Some photos of the pictures grateful believers have designed and/or commissioned and left at Altotting’s chapel of grace, the shrine of the black Madonna of Altotting which is said to house a miraculous grace-granting statue of Virgin and child. On our way home now but it’s been a very interesting day; quite moving too, to visit the chapel itself, mostly in darkness but encrusted with silverware and with the small limewood figure (lavishly ‘dressed’) at its focal point. The figure dates from the 1330s.
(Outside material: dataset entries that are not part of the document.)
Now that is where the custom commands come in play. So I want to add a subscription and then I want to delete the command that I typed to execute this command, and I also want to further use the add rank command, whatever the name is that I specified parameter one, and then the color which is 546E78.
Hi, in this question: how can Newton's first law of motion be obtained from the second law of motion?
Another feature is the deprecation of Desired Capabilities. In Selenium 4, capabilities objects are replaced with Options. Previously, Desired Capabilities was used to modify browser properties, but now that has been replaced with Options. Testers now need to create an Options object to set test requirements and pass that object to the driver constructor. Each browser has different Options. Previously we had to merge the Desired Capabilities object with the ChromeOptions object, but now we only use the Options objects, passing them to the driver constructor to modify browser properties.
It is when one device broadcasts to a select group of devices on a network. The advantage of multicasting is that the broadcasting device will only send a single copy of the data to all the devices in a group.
Also to look at the hundreds (I’m not exaggerating) of pictorial plaques thanking the Virgin for prayers answered. Looking at the ex voto pictures one can see that situations asking for and granting intercession are of the usual human sort – accident, illness and operations; children, rescue from fires. Also many of a distinct agrigultural bent, reflecting the history of this place: painted stick-people crushed by farming machinery, bulls, horses. The Madonna has helped, all these pictures say, in visual form (with Mary usually shown hovering over the scene of sickness or devastation) and writing too: Maria hat geholfen.
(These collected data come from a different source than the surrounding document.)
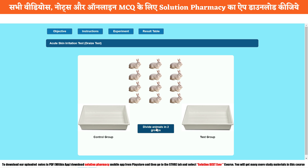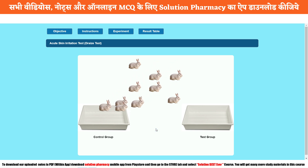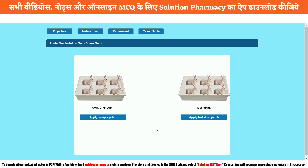We are going to divide them into two groups. The first group is the control group and the second one is the test group. Control group means we have control over it — these animals are not going to receive any kind of medicine or test substance. But in the case of the test group, they are going to receive the test substance, which is a cream or product meant for application over the skin. The control group receives only the vehicle.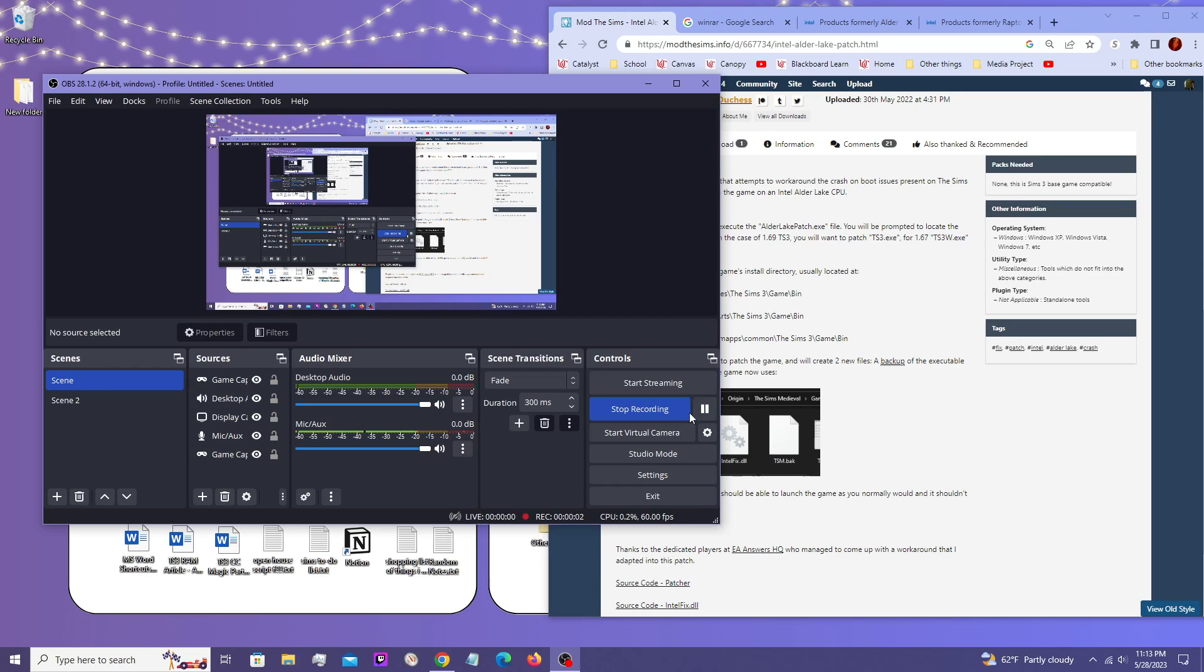Okay, so this is just a quick tutorial to help you get your game patched up. If you have an Intel 12th gen or above processor, that would either be Alder Lake or Raptor Lake, that would be 13th gen.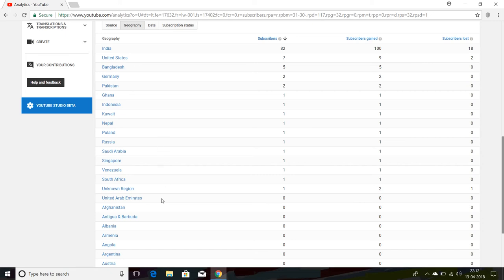The countries with zero subscribers are below, and the countries with the most subscribers are at the top of the list. You can also see South Africa, Venezuela, Singapore, Arabia, and Russia.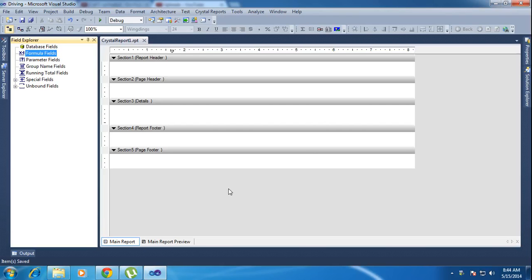Hi friends. In this tutorial I will teach how to connect a database in Crystal Report. I will teach how many ways to connect the database to Crystal Report.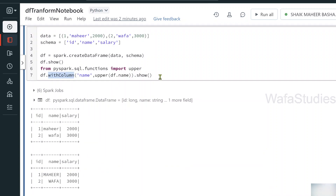What if you have some big logic where you want to apply a transformation on top of a DataFrame, and you want to implement that logic as a Python function, and still use that function as a transformation on top of the DataFrame? In such cases you have to use the transform function.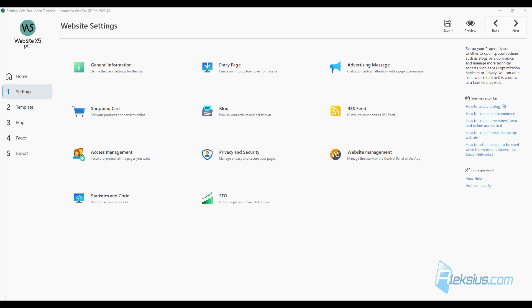I will compare this version with the previous one 2022.3. Let's start with changes in the graphic user interface. Developers have updated the interface icons and redesigned some other elements.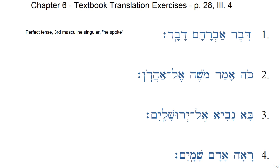We're going to look at the Textbook Translation Exercises from Fuller & Choi, Chapter 6. These are on page 28 under Roman numeral number 3, and we'll look at the translation exercises that are under number 4. There are 8 of them. We'll begin with number 1.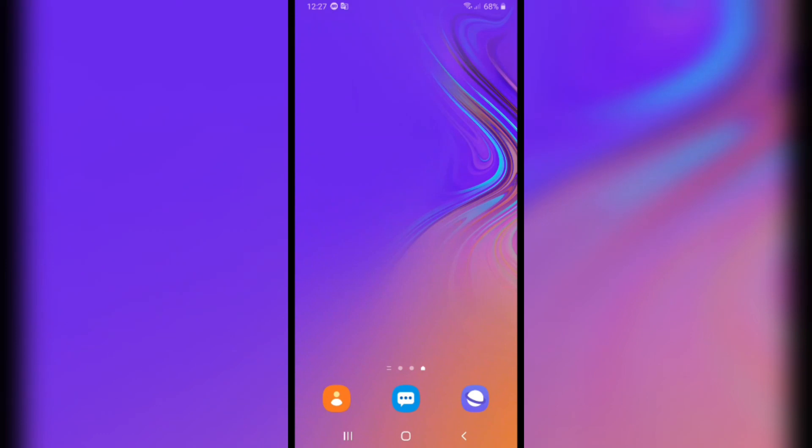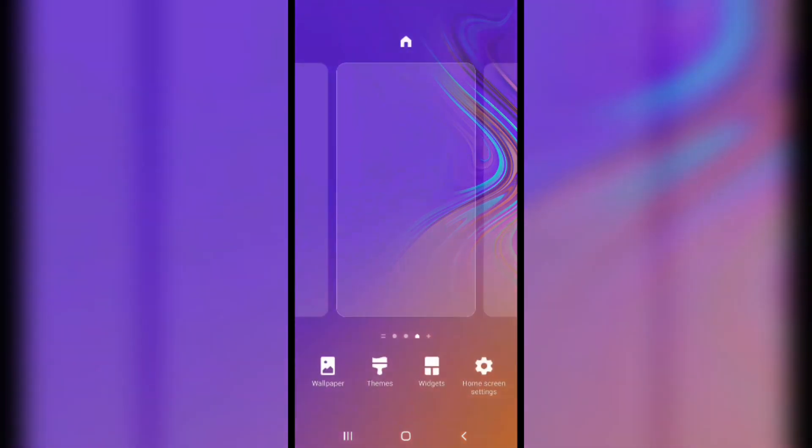How to set a video as a wallpaper on an Android device. First of all, hold on the screen for three seconds and this menu will show up. After that, click on the wallpaper icon from here.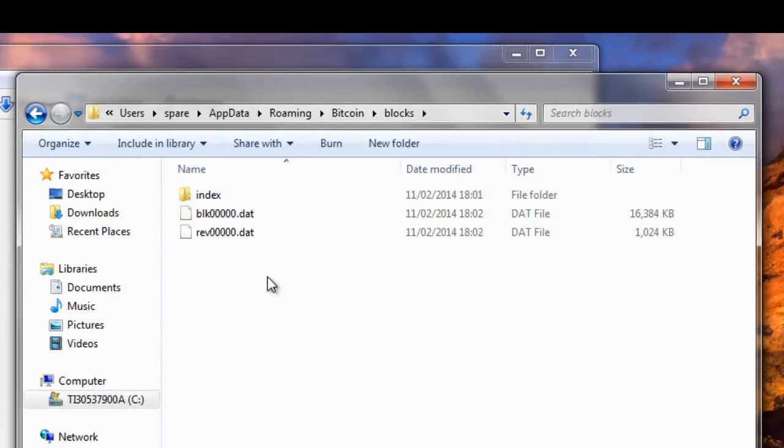Click Enter, and you see this folder here called Blocks. Well, this is actually where Bitcoin QT downloads the blockchain data to. Currently there's hardly any files in this folder, but as I leave it downloading over the next few hours, there'll be more and more files downloaded to this folder, and eventually there'll be probably, you know, well over 200 files in there. So we're going to leave this downloading and we're going to come back to it in a few hours.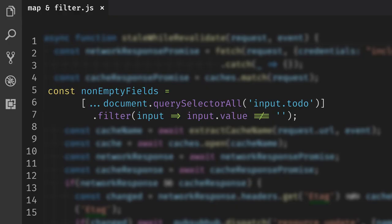Filter applies a function, also called a predicate, to each element in the array and only keeps the items where the predicate evaluates to true. For example, if you have an array of input fields, you might want to filter out all the input fields that don't have a value typed into them.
The place has a venerable history as regards a sacred presence, but two miracles in 1489 helped establish it as a strong local Marian shrine and place of pilgrimage:

“A three year old boy fell in the water in Altoetting and after half an hour is pulled out dead. The mother, professing a great trust in the Virgin Mary carries the dead child to the Chapel of Grace and lays him on the altar, falls softly to her kneed and begs for her child’s life to be extended. No sooner said than done the child comes back to life” (Report by the dean of the cloister Johannes Scheitenberger (1623-1648); and secondly: “A farmer from Altoetting led a cart of oats to his house and sat his six year old son on the horse; the child fell from the horse under the cart, and was so badly crushed that there was no more hope for him. A prayer was said and the Virgin Mary addressed and the next day the child was fit and healthy again” (Chronicle of the Jesuit Jakob Irsing from the 17th century).
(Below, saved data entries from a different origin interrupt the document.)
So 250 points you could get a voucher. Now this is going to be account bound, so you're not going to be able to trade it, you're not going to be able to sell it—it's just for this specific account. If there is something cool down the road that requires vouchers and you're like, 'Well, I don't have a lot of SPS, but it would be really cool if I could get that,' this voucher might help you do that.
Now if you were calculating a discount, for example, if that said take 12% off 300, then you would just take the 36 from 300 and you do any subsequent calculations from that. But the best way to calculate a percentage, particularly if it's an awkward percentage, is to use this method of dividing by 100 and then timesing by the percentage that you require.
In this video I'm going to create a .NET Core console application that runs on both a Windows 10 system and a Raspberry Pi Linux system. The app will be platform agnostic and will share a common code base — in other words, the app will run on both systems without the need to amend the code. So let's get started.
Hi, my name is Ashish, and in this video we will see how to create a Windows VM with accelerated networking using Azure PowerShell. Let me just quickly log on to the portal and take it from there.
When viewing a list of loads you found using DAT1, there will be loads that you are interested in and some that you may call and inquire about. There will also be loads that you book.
Two early examples of Lazarus syndrome, where death is pronounced prematurely, without giving the remarkable human body the time it sometimes needs to somehow reorientate itself towards living, in spite of seemingly irreparable trauma? Or simply a rurual version of a dodgy urban myth: wishful thinking for the faithful in what must have been fairly desperate times, with fatal accidents a frequent occurrence. Or something else altogether. Strangely comforting, even for one hovering on the edges of spiritual awareness, to see all those ex votos with their ever present maternal figure, surrounded by an aureole of heavenly light, present and watchful, eternally hovering herself in our human skies.

I write on the train back, with two bottles in my bag. The first filled with water from the Brother Konrad fountain, consecrated in 1930 on the day of said Brother’s beatification – a Capuchin monk who for many decades was a kindly and compassionate porter of his monastery. The water is said to have special healing powers as it flows over a relic of the Saint, presumably garnering some kind of aqueous grace by a process of transference. My second bottle is 0.2 litres of the potent sounding ‘Altottinger Krauterlikor’; a herbal substance of 40% alcoholic proof, and with a lovely silvery picture of the Altotting Madonna on its glass bottle. I suspect each will be memorable in its own way.